Pages that are only accessed on VM-entry or VM-exit are not a problem.
The pages that could be trouble are the ones used to construct a
vmc[sb]02 for an L2 VM that's in VMX non-root mode (guest mode) at the
time of migration. So, for instance, the vmc[sb]12 I/O bitmaps are no
trouble, because we're going to configure the vmc[sb]02 to exit on any
port access. However, the vmc[sb]12 MSR bitmap(s) could be a problem,
since they are used to construct the vmc[sb]02 MSR bitmap(s). Also a
potential problem are L1 pages that are directly accessed from the
vmc[sb]02, such as the virtual APIC page.

>
> >
> > > But now, I don't think there are still large areas of MMU that I don't understand,
> > > thus I started asking myself why it is need.
> > >
> > > That request is a ripe source of bugs. Just off my hand, Vitaly spent at least a week
> > > understanding why after vmcb01/02 split, eVMCS stopped working, only to figure out that
> > > KVM_REQ_GET_NESTED_STATE_PAGES might not be called after nested entry since there
> > > could be nested VM exit before we even enter the guest, and since then one more
> > > hack has to be added to work that around (nothing against the hack, its not the
> > > root cause of the problem).
> > >
> > > I also indirectly caused and fixed a CVE like issue, which started
> > >  with the patch that added KVM_REQ_GET_NESTED_STATE_PAGES to SVM -
> > > it made KVM switch to nested msr bitmap
> > > and back then there was no vmcb01/02 split.
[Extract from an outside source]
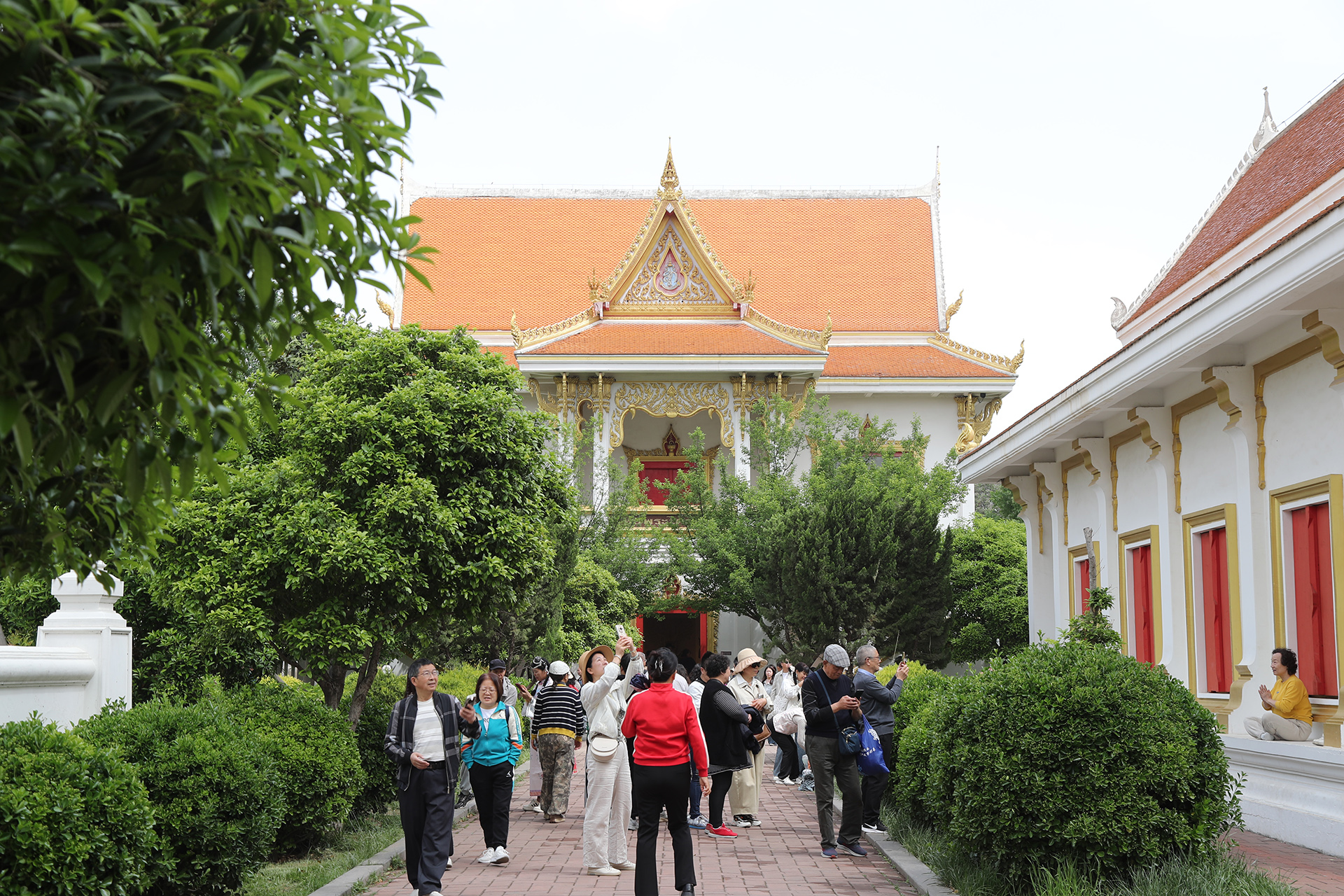 People visit the Thai-style Buddhist temple at White Horse Temple in Luoyang, Henan Province. /CGTN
Problem is that back then
> > > we didn't cancel that request if we have VM exit right after VM entry,
> > > so it would be still pending on VM entry, and it will switch to nested MSR bitmap
> > > even if we are no longer nested - then I added patch to free the nested state
> > > on demand, and boom - we have L1 using freed (and usualy zeroed) MSR bitmap - free
> > > access to all host msrs from L1...
> > >
> > > There is another hidden issue in this request, that it makes it impossible to
> > > handle failure gracefully.
> > >
> > > If for example, loading nested state pages needs to allocate memory and that
> > > fails, we could just fail the nested VM entry if that request wasn't there.
> > > While this is not ideal for the nested guest, it likely to survive, and
> > > might even retry entering the nested guest.
> > >
> > > On the other hand during the request if something fails, nested state is
> > > already loaded, and all we can do is to kill the L1.
> >
> > I apologize for all of that pain.
>
> No problem. IMHO the request was created out of abundance of caution
> (which I understand very well), and back then nobody could predict the issues it will create,
> but as it stands now, it might be better to remove it that keep on adding more code to the mess.
>
> I btw tested the attached patch a bit more and it seems to survive so far.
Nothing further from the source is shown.